Oedipa, by now rather drunk, said, "Where is he now?"
"He's anonymous," said the anonymous inamorato. "Why not write to him through your WASTE system? Say 'Founder, IA.'"
"But I don't know how to use it," she said.
"Think of it," he went on, also drunk. "A whole underworld of suicides who failed. All keeping in touch through that secret delivery system. What do they tell each other?" He shook his head, smiling, stumbled off his stool and headed off to take a leak, disappearing into the dense crowd. He didn't come back.

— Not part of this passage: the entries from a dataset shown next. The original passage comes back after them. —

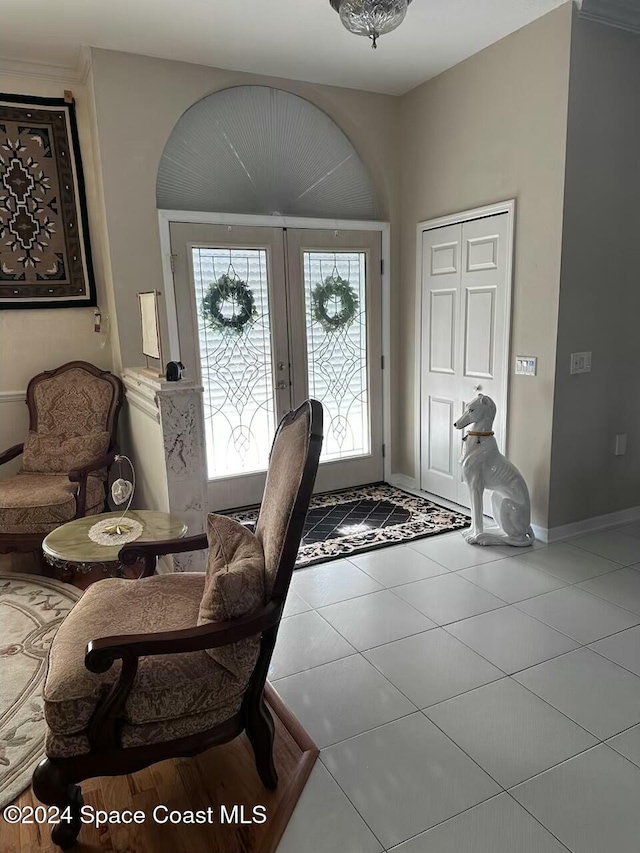 tiled entryway with french doors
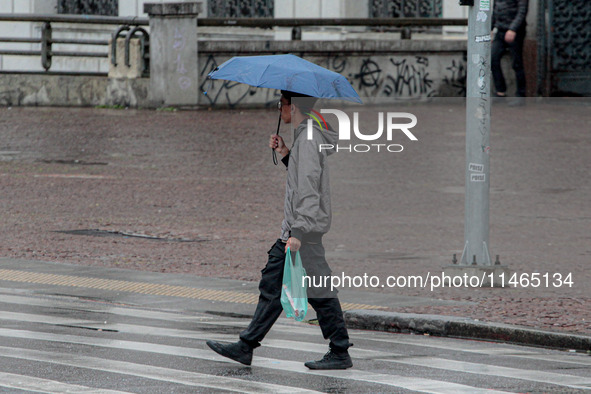 Pedestrians are protecting themselves from the rain in the central region of Sao Paulo, Brazil, on Friday, August 9. 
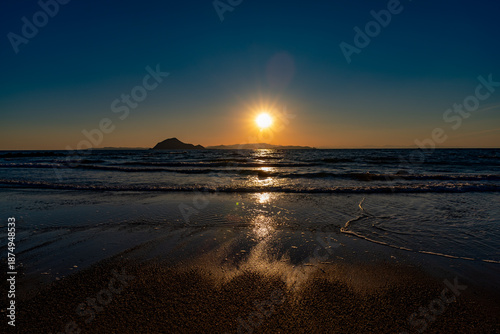 干潟の海岸に沈む夕日
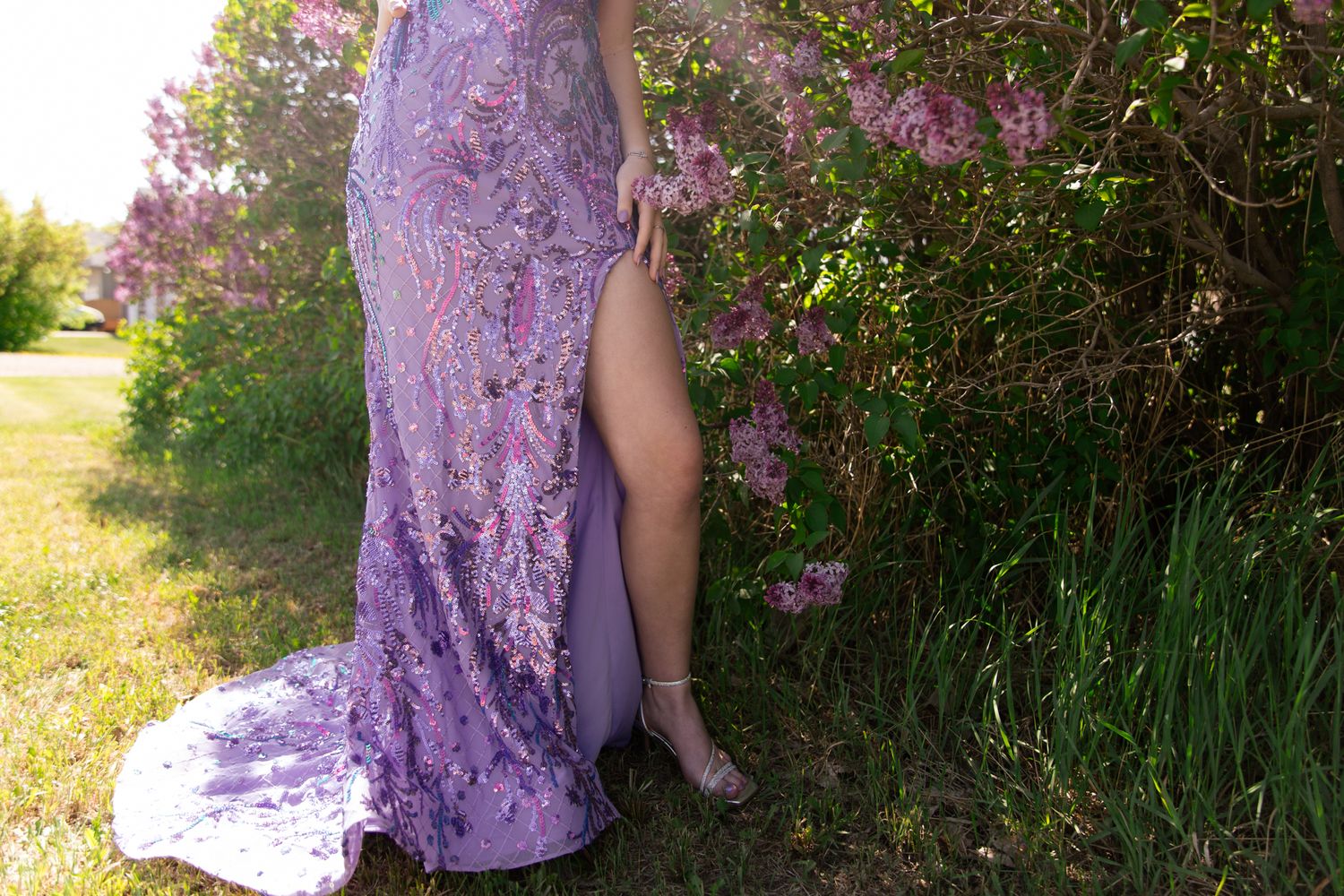 A purple sequined gown photographed against flowering bushes in natural outdoor lighting.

Oedipa sat, feeling as alone as she ever had, now the only woman, she saw, in a room full of drunken male homosexuals. Story of my life, she thought, Mucho won't talk to me, Hilarius won't listen, Clerk Maxwell didn't even look at me, and this group, God knows. Despair came over her, as it will when nobody around has any sexual relevance to you. She gauged the spectrum of feeling out there as running from really violent hate (an Indian-looking kid hardly out of his teens, with frosted shoulder-length hair tucked behind his ears and pointed cowboy boots) to dry speculation (a hornrimmed SS type who stared at her legs, trying to figure out if she was in drag), none of which could do her any good. So she got up after awhile and left The Greek Way, and entered the city again, the infected

city.
And spent the rest of the night finding the image of the Trystero post horn. In Chinatown, in the dark window of a herbalist, she thought she saw it on a sign among ideographs. But the streetlight was dim. Later, on a sidewalk, she saw two of them in chalk, 20 feet apart. Between them a complicated array of boxes, some with letters, some with numbers. A kids' game? Places on
a.
map, dates from a secret history? She copied the diagram in her memo book. When she looked up, a man, perhaps a man, in a black suit, was standing in a doorway half a block away, watching her. She thought she saw a turned-around collar but took no chances; headed back the way she'd come, pulse thundering. A bus stopped at the next corner, and she ran to catch it.